В юности Лев влюбился в театр. Его увлекало не только само действо на сцене, но и способность артистов возвыситься над зрителями при помощи игры. Он вообще считал мир творческих людей особым, доступ в который открывался лишь для избранных.
В 1896 году Лев переехал в Николаев, чтобы закончить обучение, и поступил в седьмой класс реального училища. Этот год вообще стал для его психики переломным. Знания, обретенные в училище, давали Льву возможность держаться на месте первого ученика, но в то время он заинтересовался общественной жизнью. Лев познакомился с Францем Швиговским – садовником, но весьма образованным человеком, внимательно следящим за политикой и прочитавшим огромное количество книг. Родители требовали отказаться от этого знакомства, но в ответ Лев порвал с ними, забросил училище и стал членом коммуны Швиговского вместе со своим старшим братом Александром.
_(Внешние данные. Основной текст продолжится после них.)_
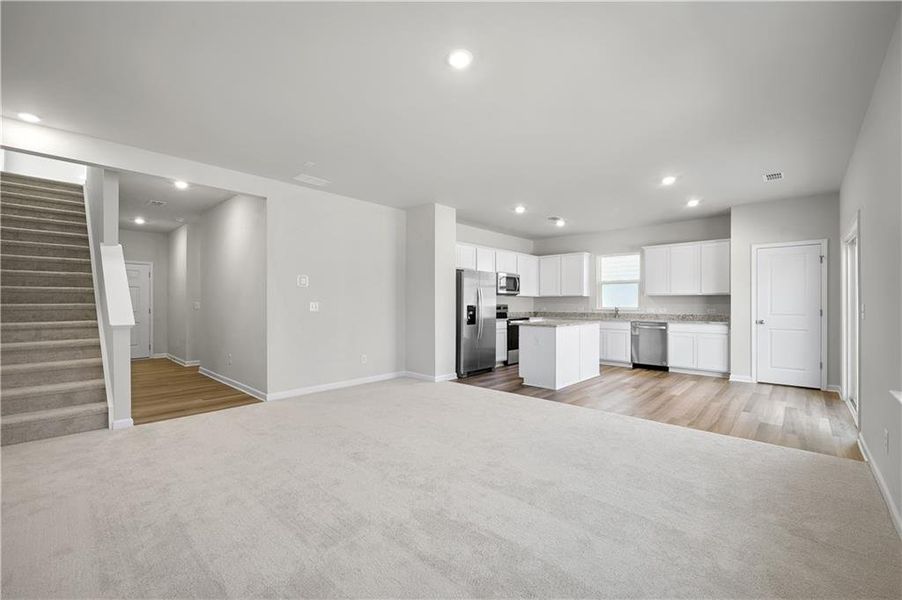 Spacious, unfurnished interior of a new home in Avery Ridge, Gainesville (Image 22).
Именно здесь он и встретился с Александрой Соколовской, ставшей его первой женой. Члены коммуны одевались в одинаковые соломенные шляпы и синие блузы, носили с собой черные палки – возможно, поэтому их и считали в городе членами некоей таинственной секты. Коммунары очень много, но весьма беспорядочно читали, распространяли книги, много спорили и даже пытались создать «университет на основе взаимообучения».
Лев Бронштейн все же закончил реальное училище и по требованию своих родителей вернулся в Одессу. Здесь он начал посещать лекции математического факультета университета, но революционные настроения требовали другого, и занятия он снова бросил. Фактически Лев переключился на работу в полулегальных кружках молодежи радикальных настроений и очень скоро превратился в неформального лидера одной из таких групп. Мировоззрение Льва было тогда достаточно далеко от марксизма – по той причине, что он пока что не старался обрести прочные политические убеждения.